Trade negotiations between Japan and the U.S. were held in Washington on Wednesday. The market had initially expected that exchange rate issues would be discussed during the negotiations. One of the reasons the yen has recently appreciated is because the market anticipated that the U.S. might urge Japan to join coordinated actions to weaken the dollar to help reduce America's large trade deficit.
However, Japan's negotiator and Minister of Economic Revitalization Ryosei Akazawa stated that exchange rate issues were not mentioned in his discussions with Trump and other U.S. officials. He added that this issue should be handled by Kato and Bessent. Therefore, Akazawa's comments have shifted market focus to the talks that Kato may have with Bessent next week.

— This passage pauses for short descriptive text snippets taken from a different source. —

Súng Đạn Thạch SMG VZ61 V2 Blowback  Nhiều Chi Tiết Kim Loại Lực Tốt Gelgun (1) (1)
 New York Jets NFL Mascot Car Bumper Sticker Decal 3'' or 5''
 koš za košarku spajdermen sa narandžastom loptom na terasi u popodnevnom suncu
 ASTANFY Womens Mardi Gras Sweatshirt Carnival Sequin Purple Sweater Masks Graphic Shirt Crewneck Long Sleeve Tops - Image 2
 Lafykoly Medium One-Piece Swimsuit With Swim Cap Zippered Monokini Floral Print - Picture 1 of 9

Some analysts suggest that any discussions about the yen could affect the Bank of Japan's monetary policy, as the BOJ's ultralow interest rates and its slow pace in raising rates could come under attack from the United States if they maintain a weak yen.
BOJ Governor Haruhiko Kuroda refused to comment on the yen exchange rate during his speech in Parliament on Friday, reiterating that they will continue to raise rates if the economic trends align with the BOJ's expectations. When asked if the BOJ might choose to raise rates at the policy meeting on April 30th to May 1st under U.S. pressure, Kuroda said, "We will appropriately guide monetary policy from the perspective of achieving 2% inflation stably and sustainably."
Due to the global market turmoil caused by the Trump administration's tariff measures and heightened concerns about a global economic recession, the market currently expects the BOJ to keep the benchmark rate unchanged at 0.5% during the policy meeting on April 30th to May 1st, while also lowering economic growth forecasts.